布と行ってもいつもの紳士服地の話ではない。春の嵐の後はどんどん温かさを増す。梅は咲いたか桜はまだかいなと当家のまだおひなさまの飾られている床の間には梅の枝の掛け軸が掛かっている。ぼくが掛けた訳ではなく母が季節の「設え」(しつらえ)として掛けたのだがミクロコスモスともいうべき小さな床の間に季節の掛け軸を掛けるというのは春の空気を感じる日本人ならではの心配りだなとおもう。
いつもは見過ごしてしまう掛け軸だがあらためて見てみるとなかなかいいもんだ。
一月ロンドンに行ったおり、デパートが連なっている通りオックスフォードストリートのデパートの一つ、JOHN LEWISで妻が布を探していた。

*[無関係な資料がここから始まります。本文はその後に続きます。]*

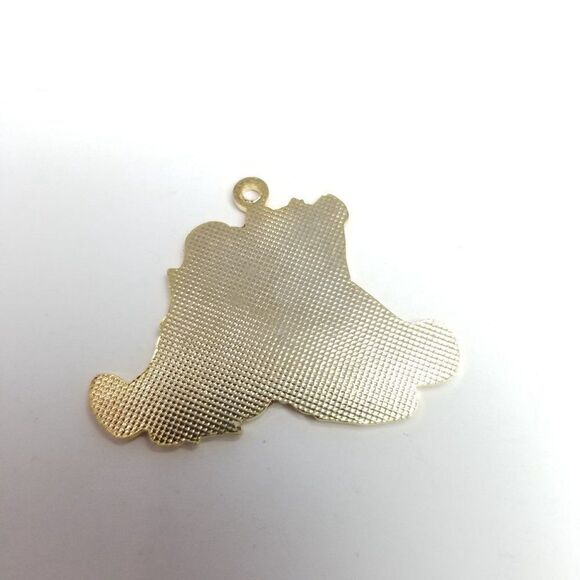 Vintage Teddy Bear with Bow Tie and Blond Doll in Dress Pendant Charm, Retro 80s - Picture 4 of 6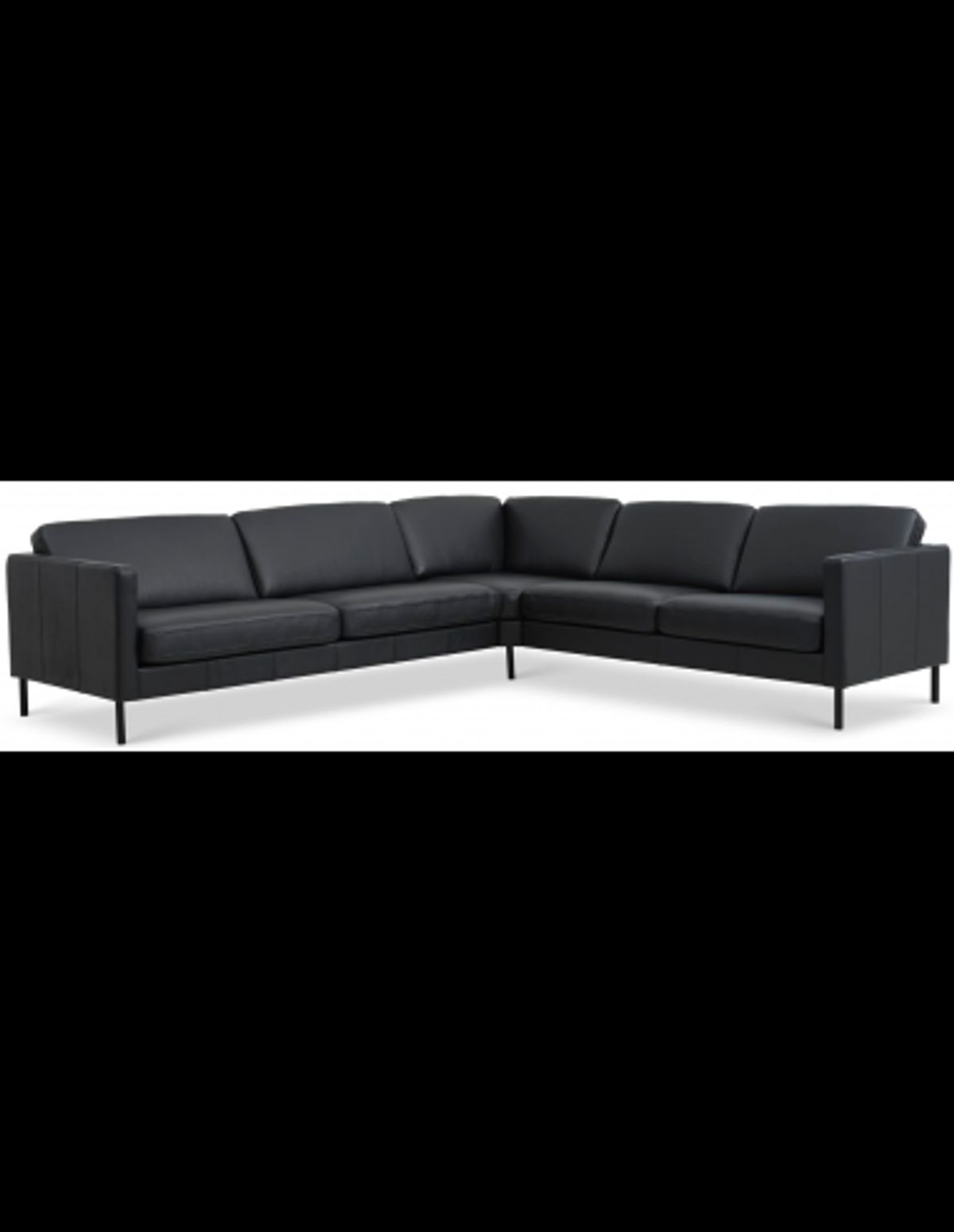 Askset hjørnesofa i semi-anilin læder B300 x D264 cm - Sort/Sort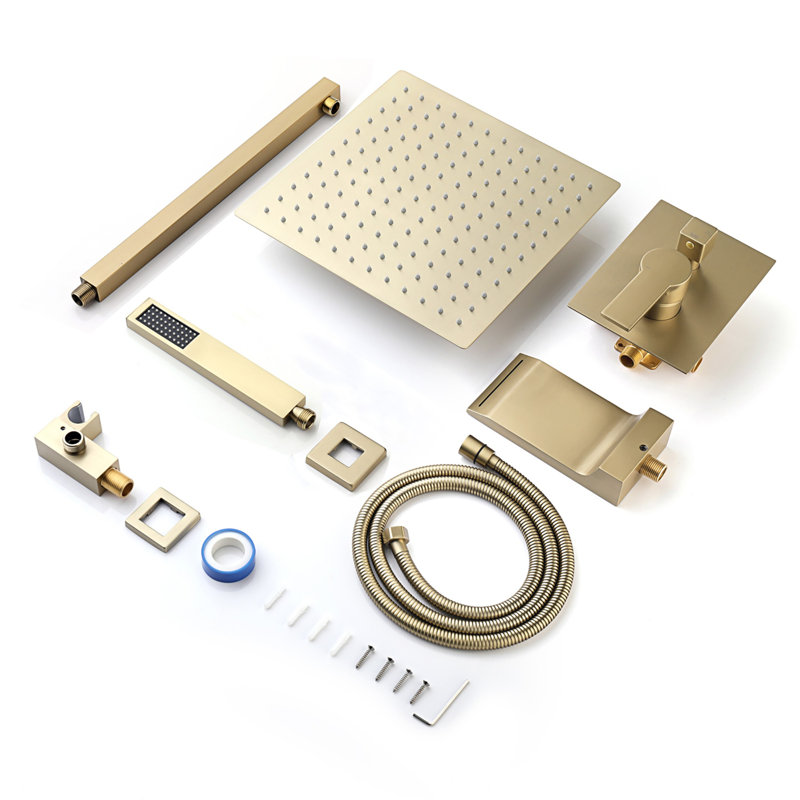 MBOTC190078A All-In-One Kit with Rough in-Valve, Brushed Gold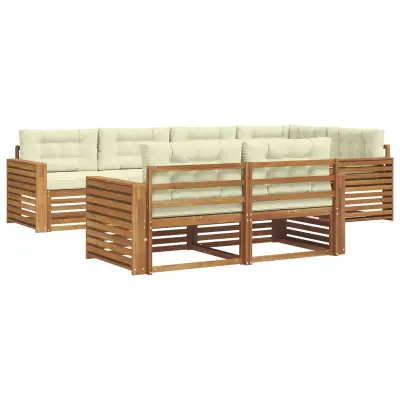 vidaXL Zunanja garnitura za sedenje z blazino 7 pcs Naravna in smetana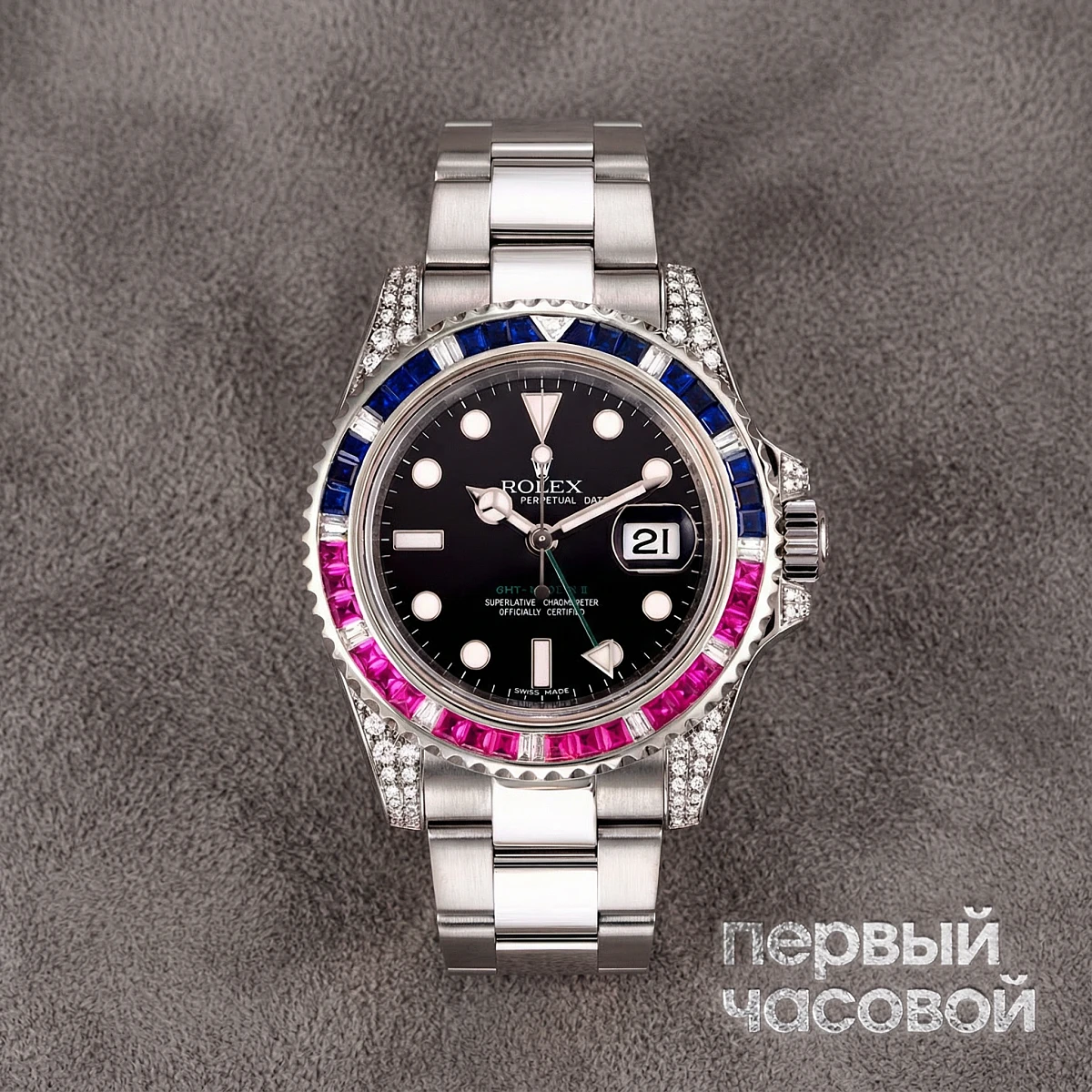 Купить элитные часы Rolex Gmt-Master Ii Custom Pepsi Diamonds 116710LN: в наличии в Москве!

お手洗いの窓に掛けるちいさなカフェカーテンに使う布だ。いままでマリメッコのプリント柄だったが何年も使っていて飽きが来ていた。ロンドンのデパートは家庭を飾る品物が豊富においてあり、カーテン、テーブルクロスなどに使う生地も多く揃えている。そのなかからウィリアムモリスの柄のざっくりした柄の素材があったのでたしか1mあたり52ポンドだったが購入した。それを窓枠の大きさを測って仕立ててみた。ブルーの色合いがとても気に入っている。
THISTLEつまりアザミの花をデザインした柄。アーツアンドクラフツ運動をすすめたウイリアムモリスは20世紀のモダンデザインの源流にもなっている。